**What you have to do**
Skip the pictures. Output only the lines below starting at the line with "Nur Die Harten" and ending at the line with "Fuck its so deep | LIFE", both ends included, exactly as they are.

**Information**
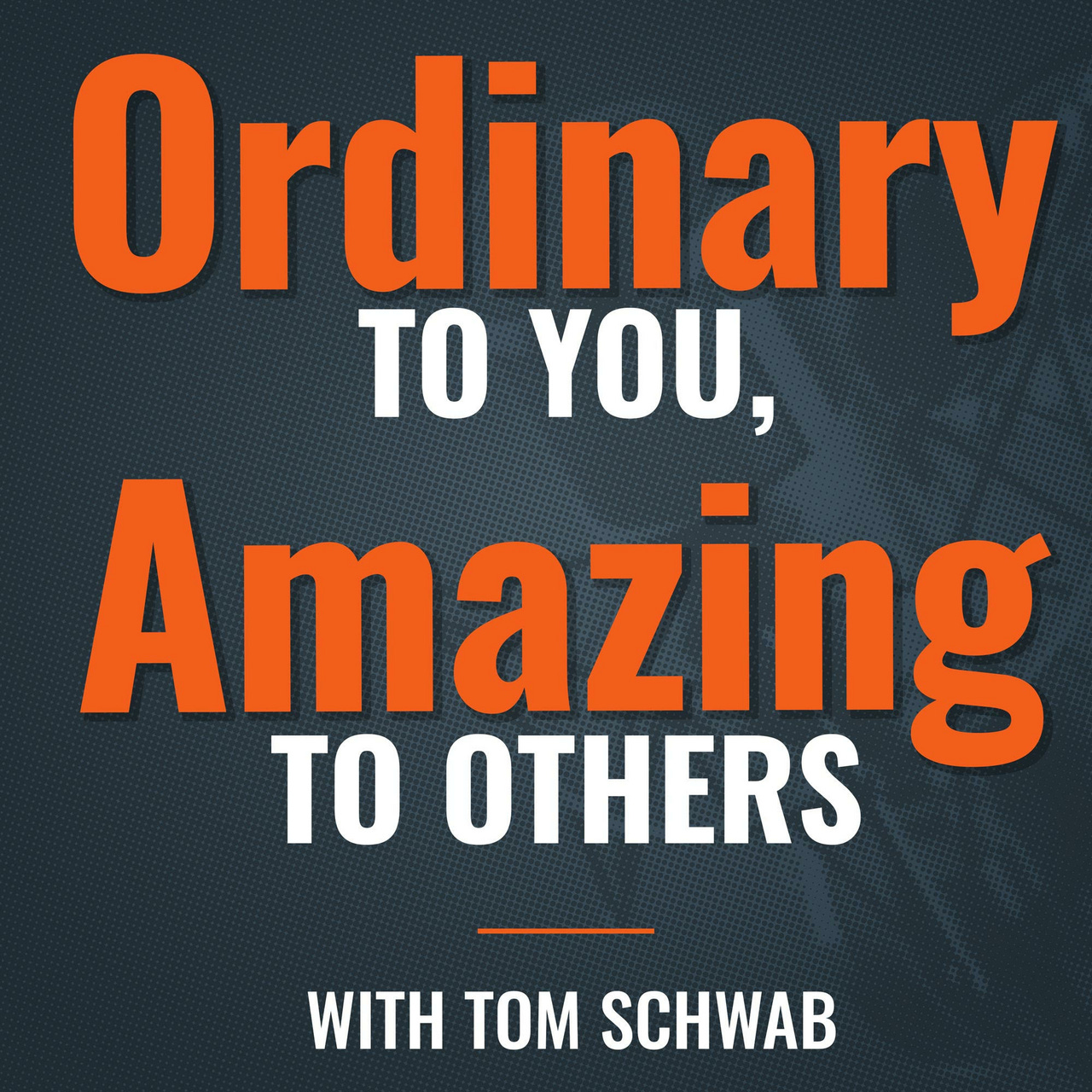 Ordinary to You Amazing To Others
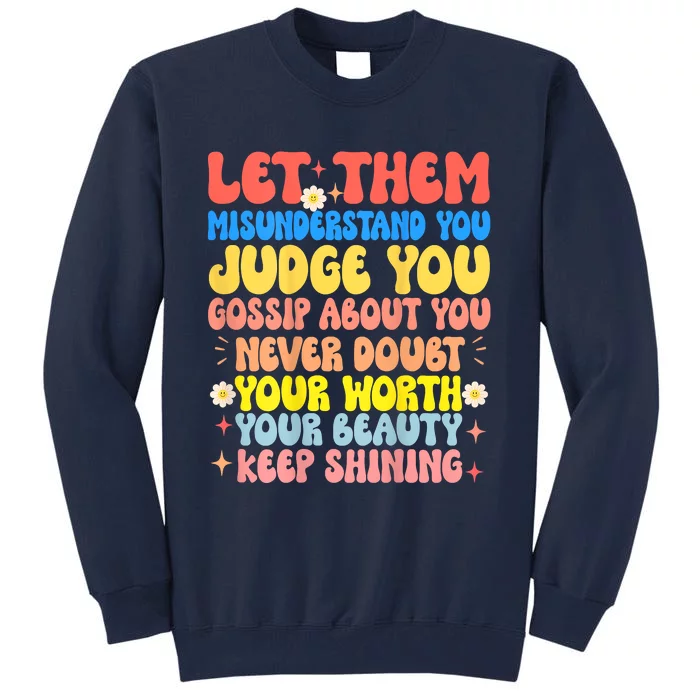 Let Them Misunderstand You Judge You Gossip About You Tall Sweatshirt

* * *

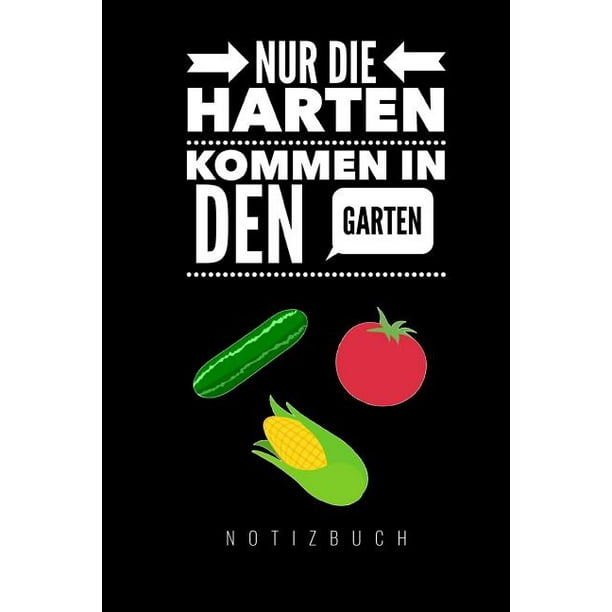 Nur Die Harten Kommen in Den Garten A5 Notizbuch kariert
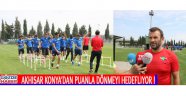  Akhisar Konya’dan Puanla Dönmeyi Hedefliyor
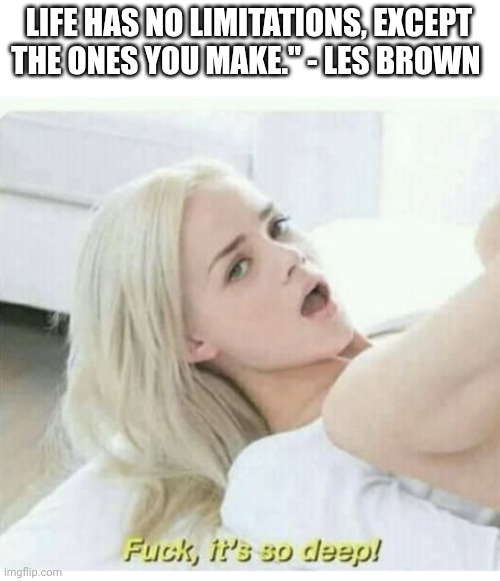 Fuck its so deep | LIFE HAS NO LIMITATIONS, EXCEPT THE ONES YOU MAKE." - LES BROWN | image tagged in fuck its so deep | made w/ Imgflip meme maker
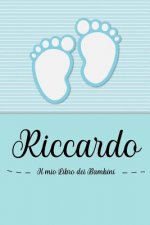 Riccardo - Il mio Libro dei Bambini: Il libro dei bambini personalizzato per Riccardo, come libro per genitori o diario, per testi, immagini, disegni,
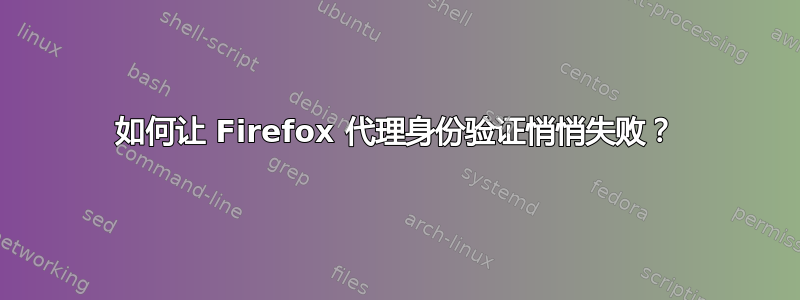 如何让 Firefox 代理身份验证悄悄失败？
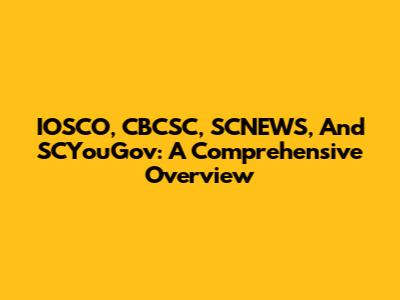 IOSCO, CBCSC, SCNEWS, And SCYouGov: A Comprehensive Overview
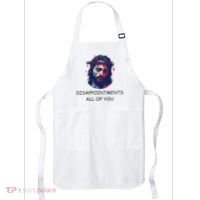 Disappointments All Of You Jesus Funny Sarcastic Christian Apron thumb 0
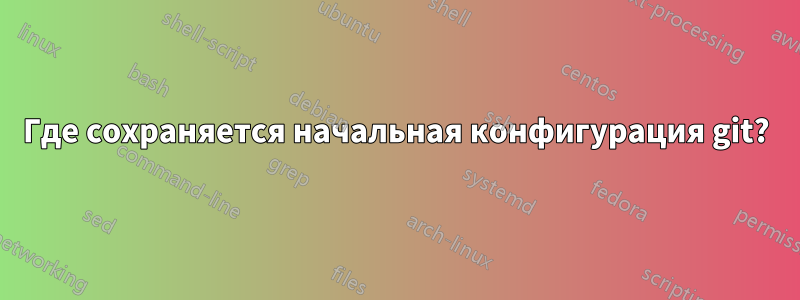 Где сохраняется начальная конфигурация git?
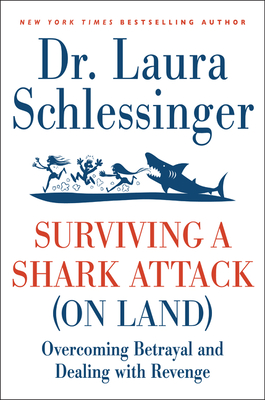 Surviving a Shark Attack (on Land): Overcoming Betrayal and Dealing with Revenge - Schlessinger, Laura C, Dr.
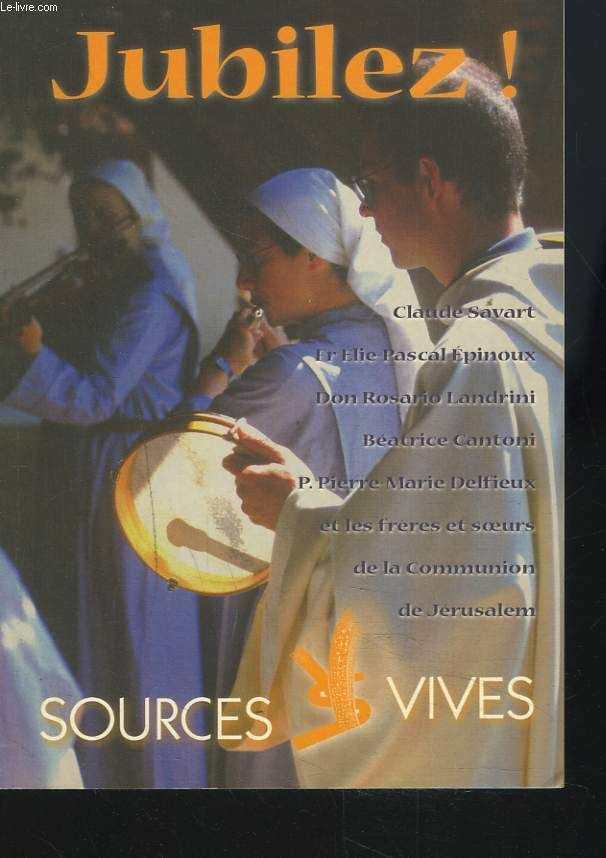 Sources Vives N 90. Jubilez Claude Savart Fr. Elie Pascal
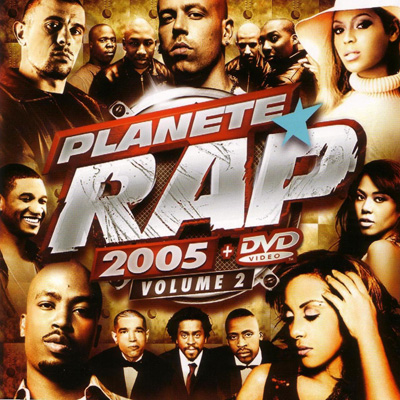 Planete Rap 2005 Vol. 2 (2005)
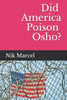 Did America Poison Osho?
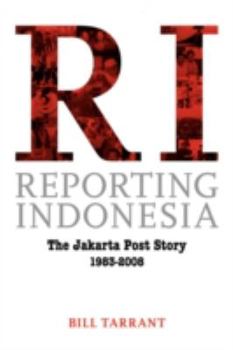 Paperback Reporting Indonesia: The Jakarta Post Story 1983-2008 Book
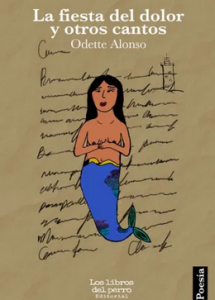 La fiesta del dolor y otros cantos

...

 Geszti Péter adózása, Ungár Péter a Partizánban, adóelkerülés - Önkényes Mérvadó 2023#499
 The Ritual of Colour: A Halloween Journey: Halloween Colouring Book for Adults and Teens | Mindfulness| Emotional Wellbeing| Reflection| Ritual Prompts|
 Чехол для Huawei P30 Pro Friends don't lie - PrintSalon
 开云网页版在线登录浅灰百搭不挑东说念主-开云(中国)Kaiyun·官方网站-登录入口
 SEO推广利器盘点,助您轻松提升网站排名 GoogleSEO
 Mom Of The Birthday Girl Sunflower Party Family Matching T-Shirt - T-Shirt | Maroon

**Task answer**
 Nur Die Harten Kommen in Den Garten A5 Notizbuch kariert
  Akhisar Konya’dan Puanla Dönmeyi Hedefliyor
 Fuck its so deep | LIFE HAS NO LIMITATIONS, EXCEPT THE ONES YOU MAKE." - LES BROWN | image tagged in fuck its so deep | made w/ Imgflip meme maker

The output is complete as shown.